Novo sistema moderniza o uso da poupança e aumenta teto do imóvel para R$ 2,25 milhões.
O presidente Luiz Inácio Lula da Silva anunciou, nesta sexta-feira (10), o novo modelo de crédito imobiliário do país, que reestrutura o uso da poupança para ampliar a oferta de crédito, especialmente para a classe média. O anúncio foi feito durante o evento Incorpora 2025, realizado em São Paulo (SP), um dos maiores do setor da construção civil.
Após um período de transição, o total dos recursos depositados na caderneta de poupança passará a ser referência para o uso no setor habitacional, com o fim dos depósitos compulsórios no Banco Central (BC). Além disso, o valor máximo do imóvel financiado pelo Sistema Financeiro da Habitação (SFH) aumentará de R$ 1,5 milhão para R$ 2,25 milhões.
Atualmente, famílias com renda de até R$ 12 mil são atendidas pelo programa Minha Casa, Minha Vida, com juros reduzidos. Desde o início de seu terceiro mandato, Lula vem defendendo uma alternativa de financiamento voltada à classe média.

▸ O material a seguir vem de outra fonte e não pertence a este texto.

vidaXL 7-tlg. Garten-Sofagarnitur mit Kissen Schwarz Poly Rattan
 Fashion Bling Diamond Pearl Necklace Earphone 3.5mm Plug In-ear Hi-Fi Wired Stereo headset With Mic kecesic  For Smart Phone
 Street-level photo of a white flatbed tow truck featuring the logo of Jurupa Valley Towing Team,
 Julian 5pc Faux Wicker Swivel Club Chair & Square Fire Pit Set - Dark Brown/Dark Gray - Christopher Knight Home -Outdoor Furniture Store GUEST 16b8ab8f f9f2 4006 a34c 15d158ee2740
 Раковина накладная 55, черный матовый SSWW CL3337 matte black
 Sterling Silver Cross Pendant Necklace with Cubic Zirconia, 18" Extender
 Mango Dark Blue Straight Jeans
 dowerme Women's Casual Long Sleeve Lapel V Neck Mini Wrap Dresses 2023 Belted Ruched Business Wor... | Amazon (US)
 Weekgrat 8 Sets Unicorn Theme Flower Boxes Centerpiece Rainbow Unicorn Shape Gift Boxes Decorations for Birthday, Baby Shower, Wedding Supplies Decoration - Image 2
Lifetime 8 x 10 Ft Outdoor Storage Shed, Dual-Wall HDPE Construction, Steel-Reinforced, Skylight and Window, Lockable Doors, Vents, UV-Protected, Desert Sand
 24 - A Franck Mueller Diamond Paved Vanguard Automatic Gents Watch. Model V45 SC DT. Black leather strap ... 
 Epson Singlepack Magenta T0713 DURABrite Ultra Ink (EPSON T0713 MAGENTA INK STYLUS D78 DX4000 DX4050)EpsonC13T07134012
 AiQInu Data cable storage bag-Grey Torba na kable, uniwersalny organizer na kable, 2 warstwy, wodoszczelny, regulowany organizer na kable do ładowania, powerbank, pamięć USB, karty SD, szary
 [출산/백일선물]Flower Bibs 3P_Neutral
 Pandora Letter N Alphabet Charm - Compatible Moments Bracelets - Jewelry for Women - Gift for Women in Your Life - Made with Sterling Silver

A expectativa é que, com as mudanças, a Caixa Econômica Federal financie cerca de 80 mil novas moradias até 2026. Hoje, 65% dos recursos da poupança captados pelos bancos devem ser direcionados ao crédito imobiliário; 15% são livres para operações mais rentáveis e 20% ficam com o Banco Central na forma de depósito compulsório.
Nos últimos anos, os financiamentos via SFH vinham perdendo espaço no mercado, impactados pelos sucessivos saques da poupança, principal fonte de recursos para o crédito habitacional. Em 2023 e 2024, as retiradas líquidas da caderneta foram de R$ 87,8 bilhões e R$ 15,5 bilhões, respectivamente. Já em 2025, o resgate líquido soma R$ 78,5 bilhões.
Entre os fatores que explicam os saques está a manutenção da taxa Selic em patamar elevado, o que incentiva o investimento em aplicações mais rentáveis.
A reforma anunciada, segundo o governo, “moderniza as regras” de direcionamento do Sistema Brasileiro de Poupança e Empréstimo (SBPE), com o objetivo de maximizar a poupança como fonte de financiamento.
“Na medida em que mais valores são depositados em poupança, mais crédito será disponibilizado para financiamento imobiliário, o que tende a ampliar a oferta de crédito, considerando ainda as captações de mercado, por exemplo, via LCIs (Letras de crédito imobiliário) e CRIs (Certificados de recebíveis imobiliários)”, explicou o governo, em comunicado.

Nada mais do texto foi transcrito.